ISO 10993-17:2023 also introduces a new concept called assumed release. That is, when experimental release kinetics data are not available, exposure can be assumed to occur based on the fewest number of exposure days for each category (e.g., 2 days for prolonged, 31 days for exposure up to 1 year, and 366 days for exposure greater than 1 year). Adjusting a maximum total quantity extracted by 2, 31, or 366 provides a profile of assumed release.

How will assumed release affect the TRA? 

TRAs based on exhaustive extractables studies have become increasingly complex in recent years. The large number and quantity (e.g., µg/device) of chemicals extracted in these studies generally yield unfavorable TRAs, which then leads to device manufacturers needing to conduct additional biocompatibility testing or follow-up chemistry (e.g., simulated-use studies) to mitigate concerns. 

The simulated-use study provides a more realistic extractables profile due to the clinically relevant extraction conditions (solvent and temperature).

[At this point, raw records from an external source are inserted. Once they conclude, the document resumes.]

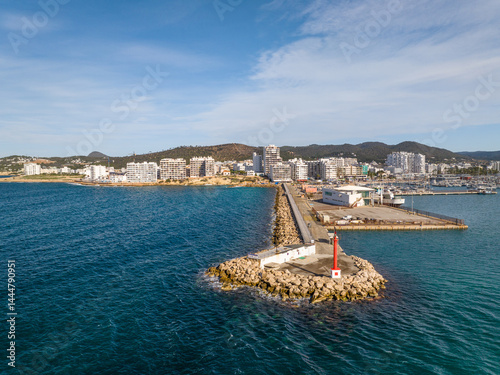 Tableau sur toile Faro y puerto de Ses Coves Blanques en Sant Antoni de Portmany en Ibiza, Islas B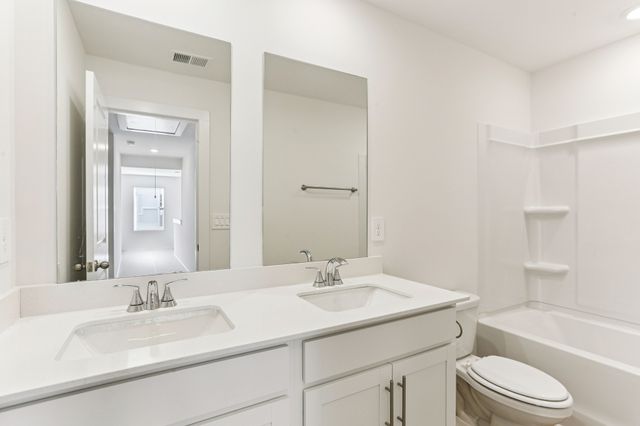 535 Goldfinch Way, Clarksville, TN 37043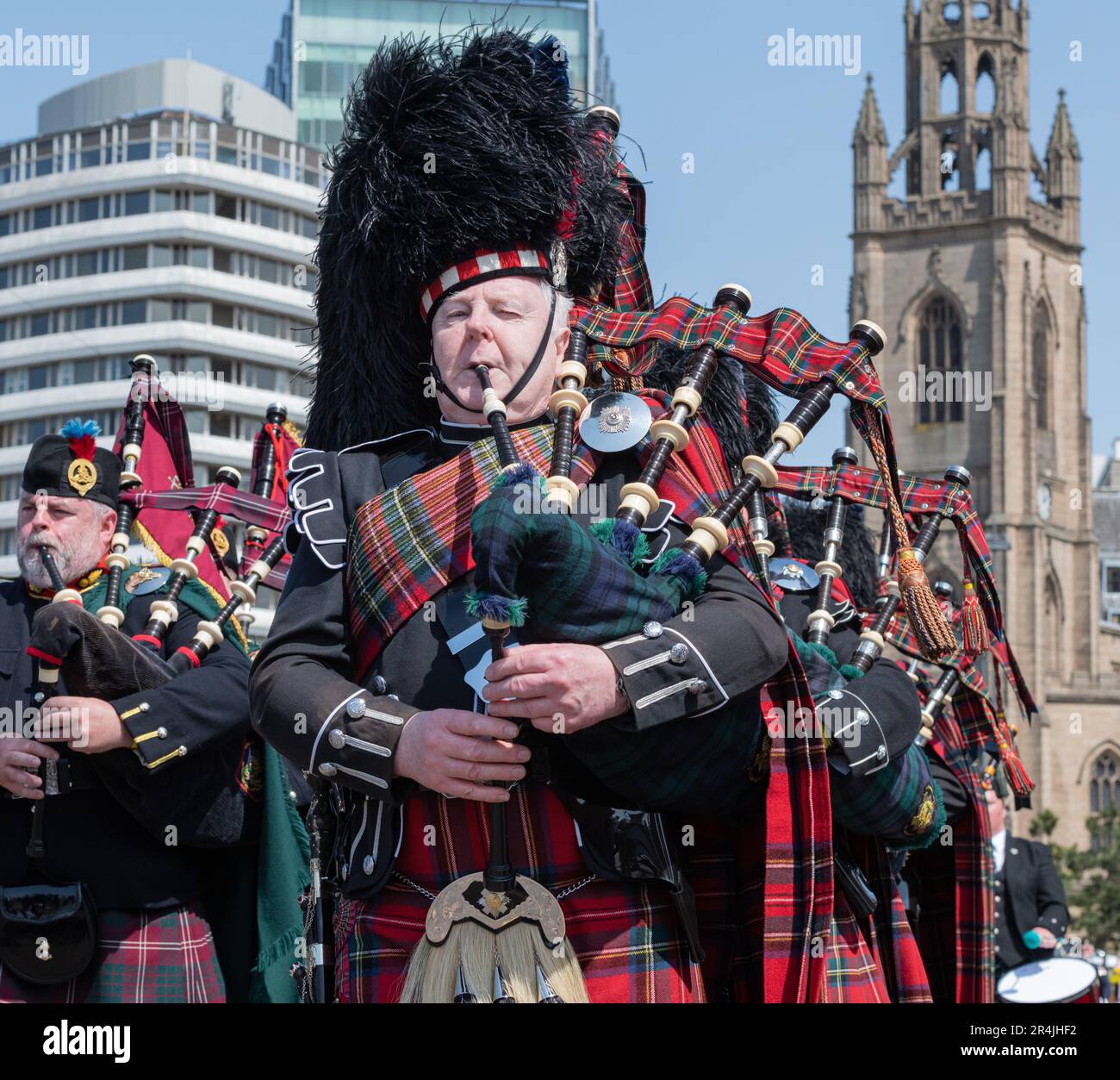 Liverpool Pier Head, Liverpool, Merseyside, Inghilterra. 28th maggio 2023. I Pipers giocano mentre la parata passa, durante il 80th° anniversario della Battaglia dell'Atlantico a Pier Head. (Credit Image: ©Cody Froggatt/Alamy Live News) Foto Stock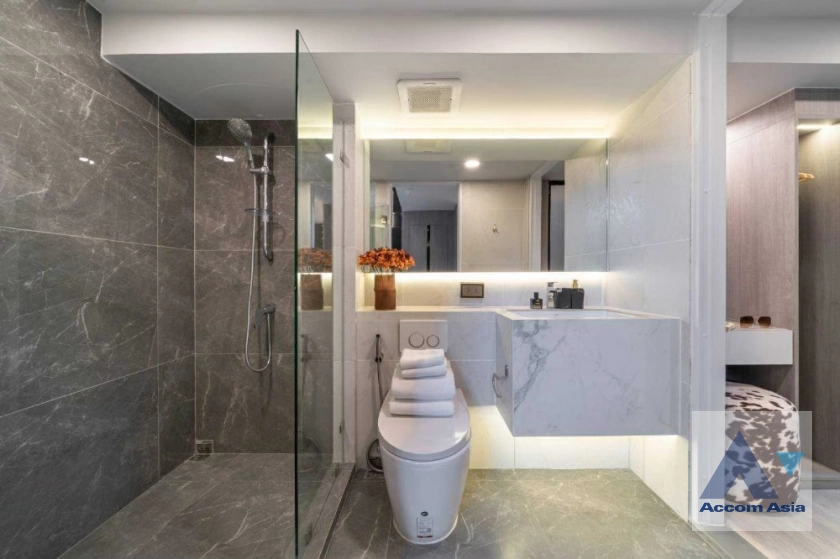 10  2 br Condominium For Sale in Ratchadaphisek ,Bangkok  at Origin Plug&Play Ramkhamhaeng Triple Station AA41215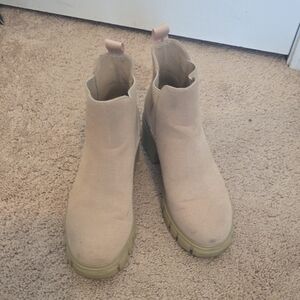 Amazon Essentials Beige Ankle Boots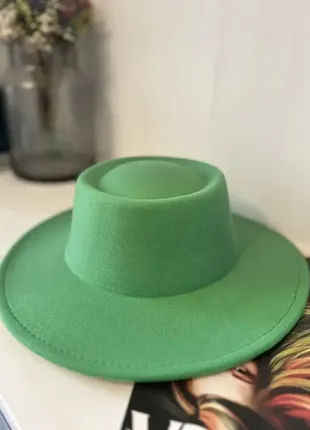 Стильний фетровий крислатий капелюх зелений 56-59р (948)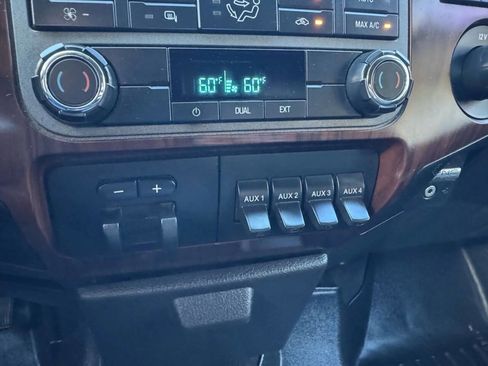 Used 2011 Ford F450 Lariat image 15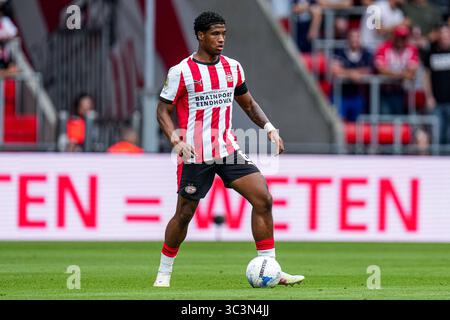 Eindhoven, Niederlande. Juli 2025. EINDHOVEN, NIEDERLANDE - 26. JULI: Ryan Flamingo von PSV dribbelt während des Vorsaison-Freundschaftsspiels zwischen PSV und Athletic Club im Philips Stadion am 26. Juli 2025 in Eindhoven, Niederlande. (Foto von Joris Verwijst/Orange Pictures) Credit: Orange Pics BV/Alamy Live News Stockfoto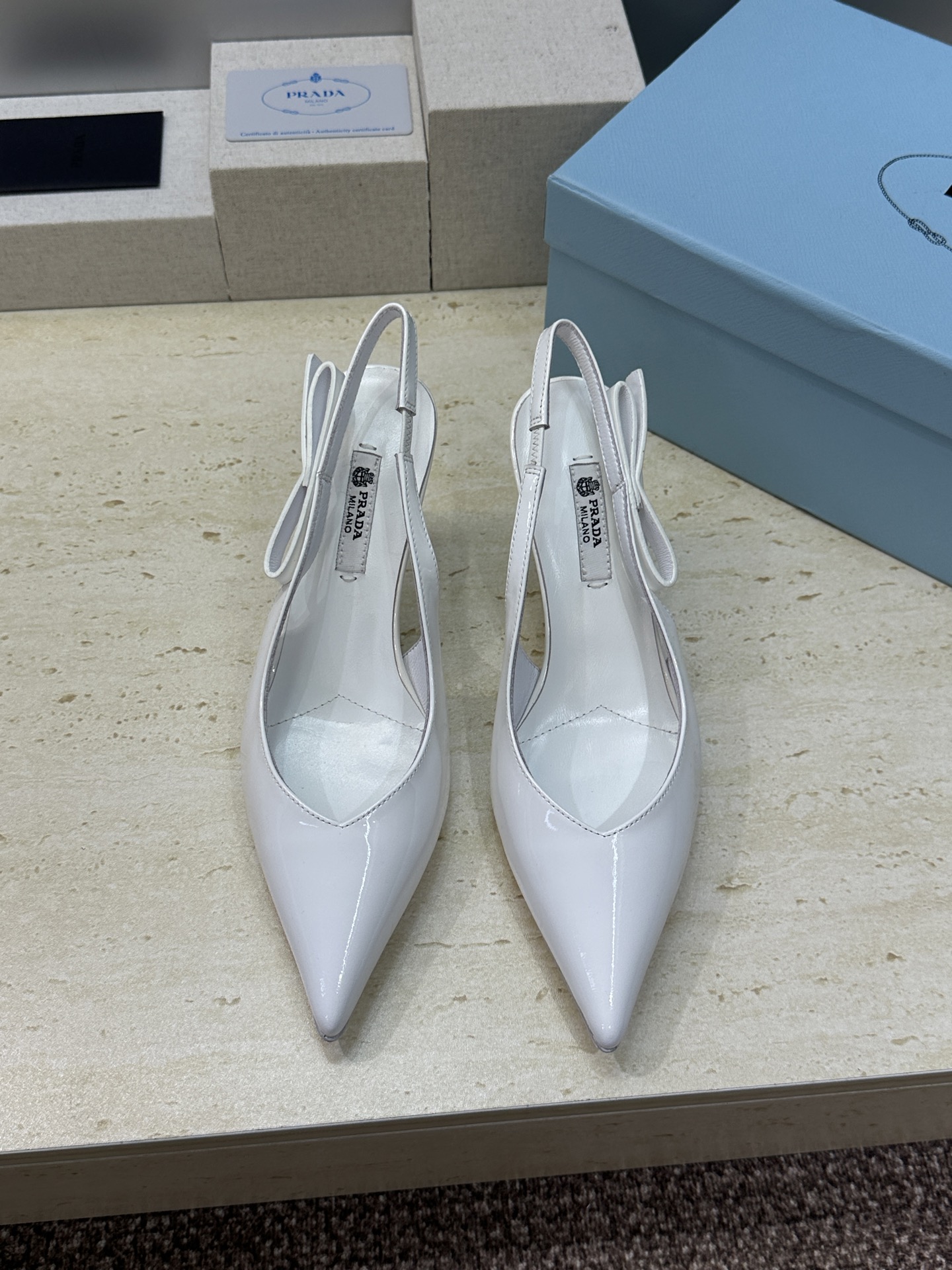 Prada 2026春夏走秀新款高跟尖头后空女鞋 普拉达字母logo扣果冻色低跟蝴蝶结拼色凉鞋 材质:鞋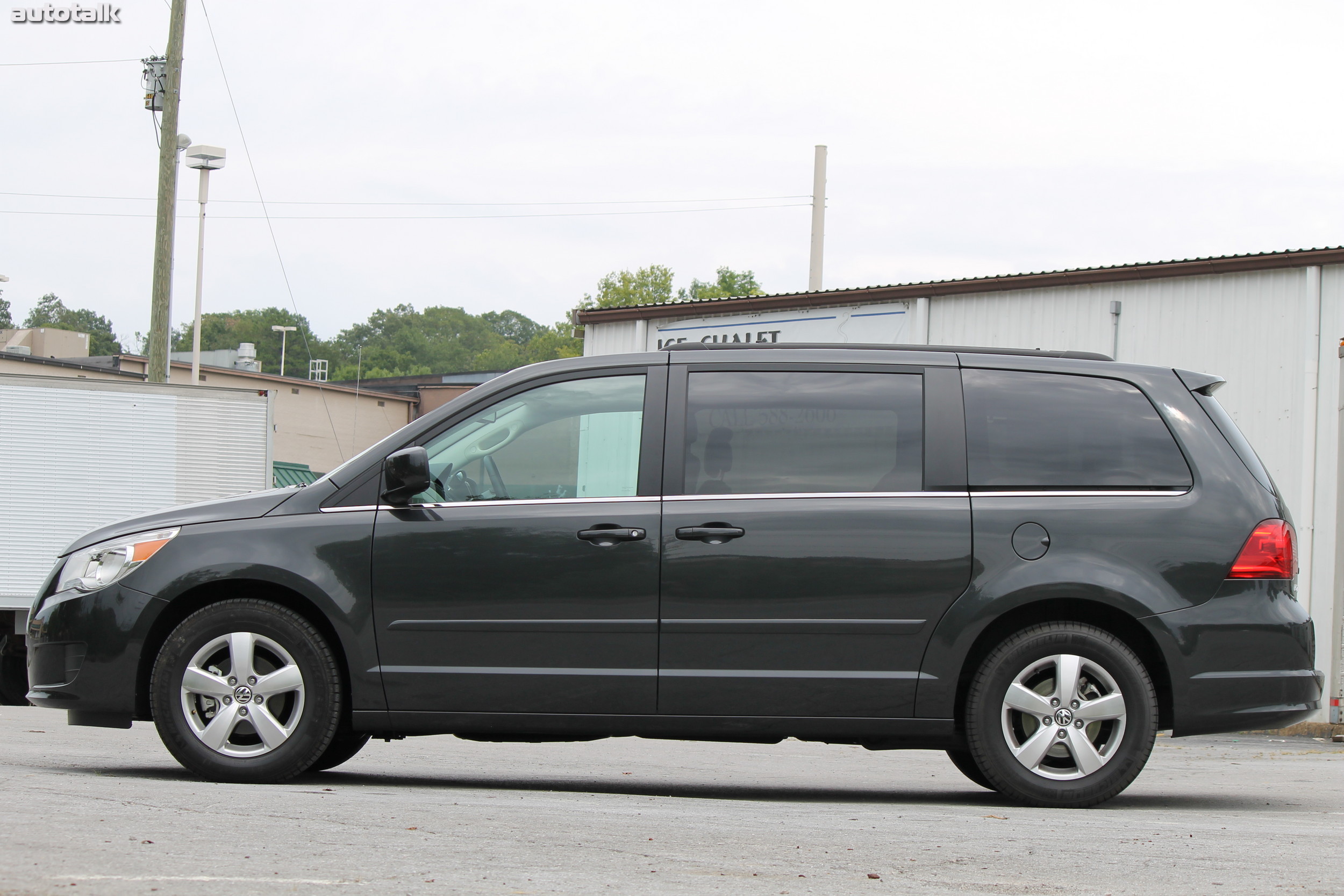 2011 Volkswagen Routan Review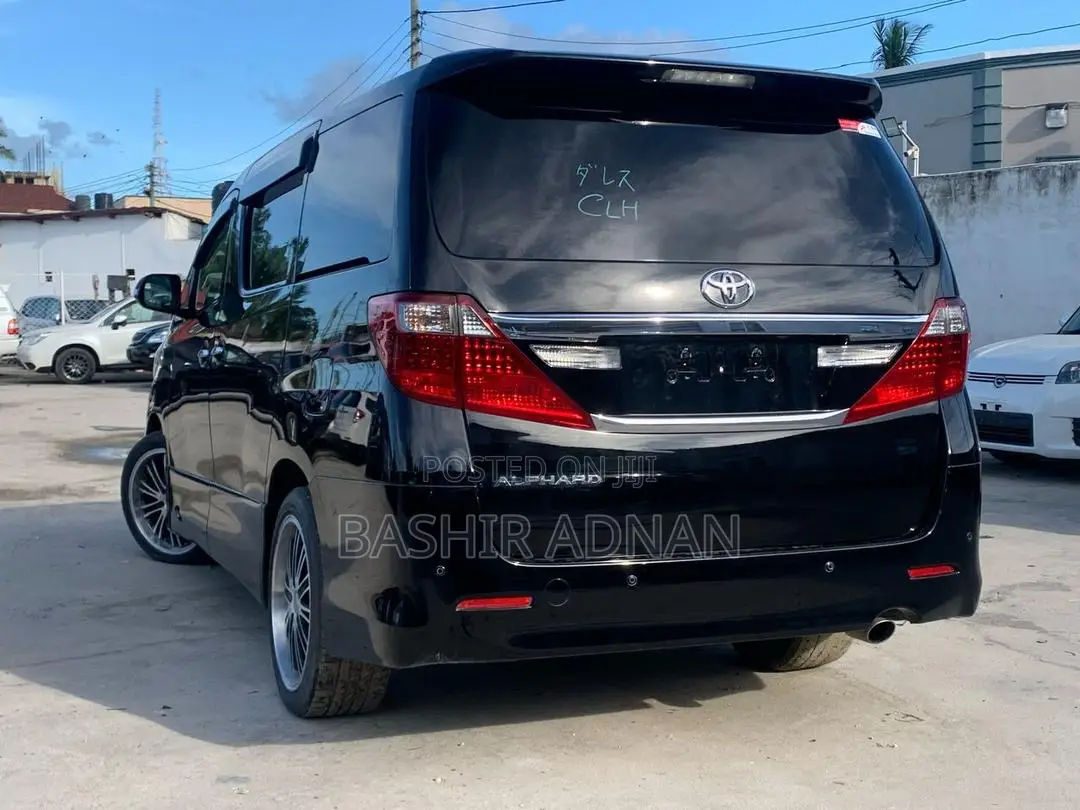Toyota Alphard 2.4 Petrol FWD 2013 Black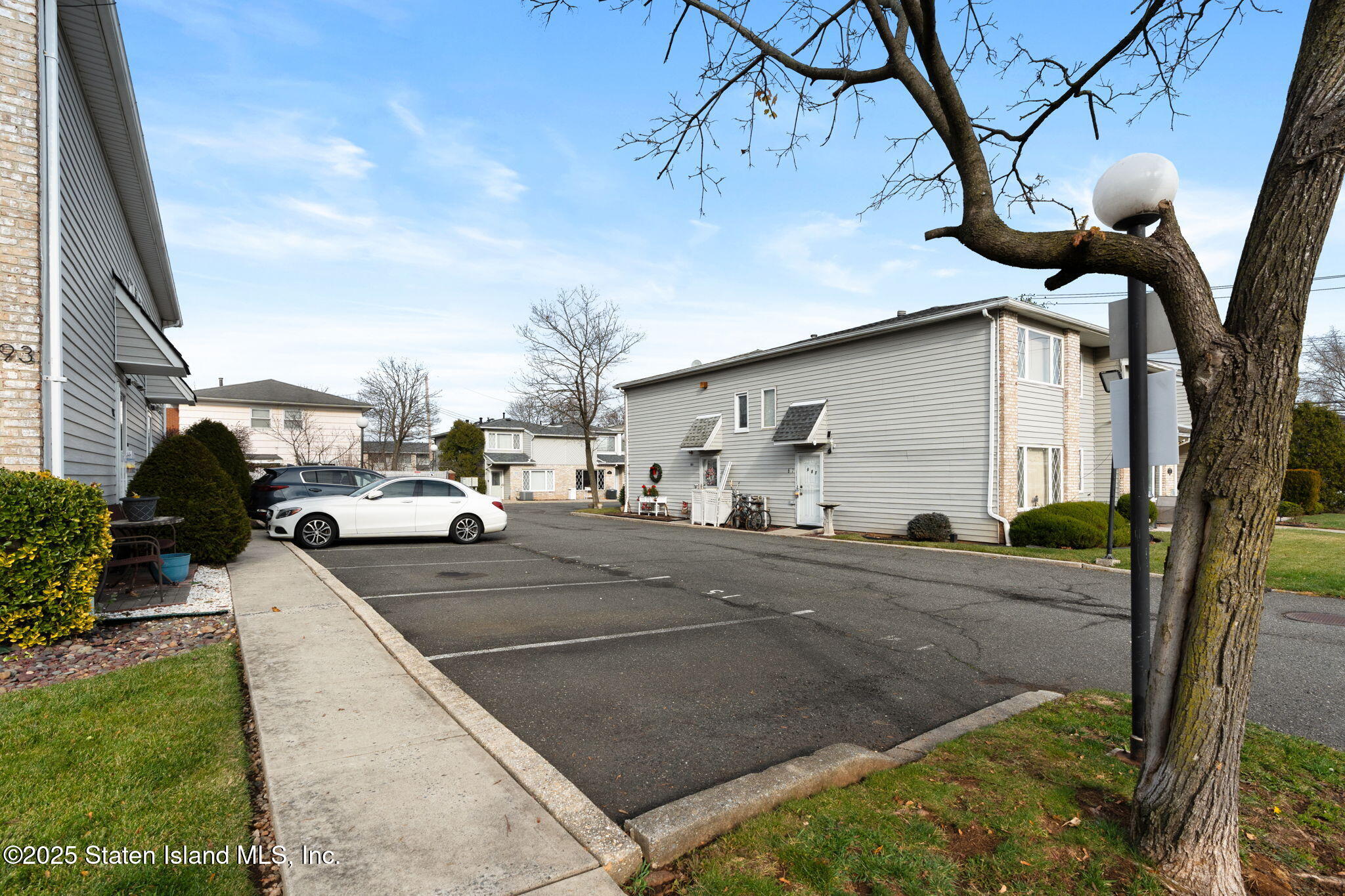 695 Barlow Avenue Staten Island, NY 10312 - Photo 20 of 20 3-web-or-mls-DSC07798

Data are collected at multiple time points, so toxicologists can refine exposure estimates in the TRA based on what and how much is released and when. Experimental studies provide helpful information for the TRA, but if they’re conducted following the original extractables study, it can take months to complete the chemistry study followed by the TRA.

Using assumed release data could offer an alternative to this path, potentially reducing the need for follow-up biological or chemical testing saving time and resources. For example, if evaluating a long-term implant (> 1 year), the data from the exhaustive study can be adjusted by 2, 31, and 366 days to provide a profile of assumed release.

These values can then be compared to the appropriate tolerable intakes for those exposure durations to evaluate acute/subacute, subchronic, and chronic exposure. Applying these adjustments to the data already available can potentially reduce the need for follow-up biological or chemical testing.

The regulatory perspective on assumed release

Industry toxicologists and regulators are still grappling with the application of assumed release and potential limitations. ISO 10993-17:2023 stipulates that for a toxicological risk to be acceptable, it must be substantiated by evidence indicating that the assumed release is conservative in relation to the intended use of the medical device. This requirement underscores the need for expert judgment in interpreting the results.

Whether global regulators are prepared for a shift toward assumed release data is a matter of time. Since ISO 10993-17:2023 has been published, EU notified bodies may expect immediate compliance, considering it is the current state-of-the-art. Also, regulators just recently released their recognition of the standard, and assumed release is within the scope of recognition.

The industry is progressing towards a better understanding of ISO 10993-17:2023, but there is still a journey ahead regarding widespread application and regulatory harmonization.

A final word 

Keeping up with regulatory revisions is only half the battle for device manufacturers—they must also navigate new challenges in real time. A TRA that includes information around release kinetics, assumed release, or estimated release in the form of a non-targeted simulated-use or leachables study, allows toxicologists to refine the exposure assessment, ultimately creating a better understanding of potential risk. Because the TRA can address several biological endpoints (e.g., systemic toxicity, carcinogenicity, genotoxicity, developmental and reproductive toxicity), generating a TRA that appropriately evaluates potential risk is invaluable. Manufacturers with questions or concerns about their in-house capacity or capability to collect and apply this new data may consider engaging an experienced lab testing partner for help.